Artur Grabowski wrote:
Geoff Steckel <[EMAIL PROTECTED]> writes:
Any argument to experience must be from similar actual implementations
using "threads" and another model, such as multiple processes with
interprocess communications.
Sure. I'll pick up the challenge.
At work we have a server that uses around 4GB RAM and runs on an 4 cpu
machine. It serves millions of tcp connections per hour. sharing the
memory without sharing pointer values is too inefficient since a big
amount of the memory used is a pre-computed cache of most common query
results. The service needs 4x4GB of RAM on the machine to be able to
reload the data efficiently without hitting disk, since hitting the
disk kills performance in critical moments and leads to
inconsistencies between the four machines that run identical instances
of this service.
Therefore:
- fork would not work because cache would not be shared and this
would lead to too big cache miss ratio.
- adding more RAM won't work because it would spend rack real estate
and power and cooling budget which we can't do.
- adding more machines will not solve the problem for the same reasons
as RAM.
- reducing the data set will not work because we kinda like to make
lots of money, not just a little money.
- partitioning the data does not work good because it causes a too
high cost in performance and memory consumption.
What works is threads. We've had one thread related bug in the past
year.
Art,
It sounds like your application is pretty reasonable.

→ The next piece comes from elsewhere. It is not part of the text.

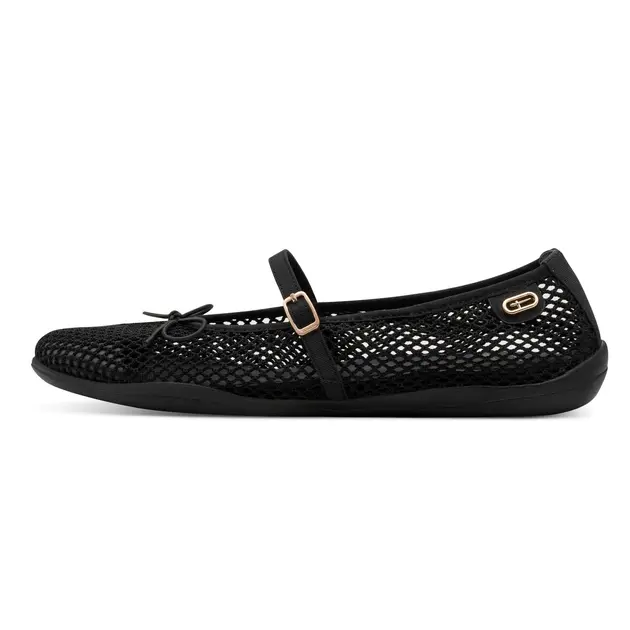 Балетки Tamaris 1-22103-46 001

The benefits
of much cash, the restrictions on what hardware can be used, and
your willingness to keep the project under control make a big difference
in the cost-benefit balance.
I can think of one thing that might have made a difference:
it's possible under most unix-style OSs to share memory at a
fixed address
I'm not entirely sure that how much of your database stays in the cache
except possibly some of the root, but I hope you've got the tools
to know that.
Still,
you're pushing the envelope very hard to get as much performance
and you -need- the performance, and even a percent or two of performance
matters
your application is SIMD-like in the large
you've considered the tradeoffs and accept the risk for the benefits
And I infer from what you say:
It sounds like most queries are read-only, so they
do not affect any shared state, therefore locking issues are relatively
few.
It also sounds like the application itself is relatively static
(or at least the query engine is).
The programming team is relatively static due to
large $$$ rewards
I'm assuming that the query engine is well separated in the code
from code which changes due to changes in the data being served
All of this taken together puts this into an area where I'm willing to
agree that threads are an acceptable solution if not a desirable one.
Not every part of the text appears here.